Even if we were to consider Senator Rodda’s statement, it provides little guidance. Its reference to the asserted relationship of part-time teaching to school income provides no basis for concluding that “time actually served” means only classroom hours.
[702]*702We conclude that the proper measure for apportioning part-time pay under section 13503.1 is the time actually spent on the job both inside and outside of the classroom. This does not mean that the required number of hours for full-time instructors set by the districts may be used as the measure, for that is the very measure that was deleted from the statute when it was amended to include the “time actually served” language now at issue.

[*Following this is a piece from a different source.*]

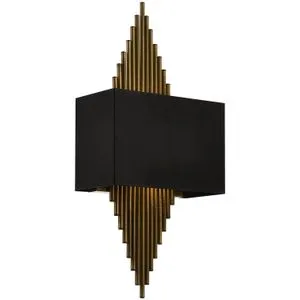 AP-62175-01 Black
Gold Wall Lamp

The reference to “time actually served,” in our view, requires consideration of the total amount of time spent by part and full-time teachers in connection with their teaching.
As previously mentioned, the issue of reclassification was resolved by our decision in Peralta Federation of Teachers v. Peralta Community College Dist., supra, 24 Cal.3d 369. Accordingly, we reverse the judgment for further proceedings to permit the trial court to determine which part-timers, if any, are entitled to reclassification and to determine the amount of pro rata back pay to be awarded.
The judgment is reversed for proceedings consistent with this opinion. Each side shall bear its own costs on these appeals.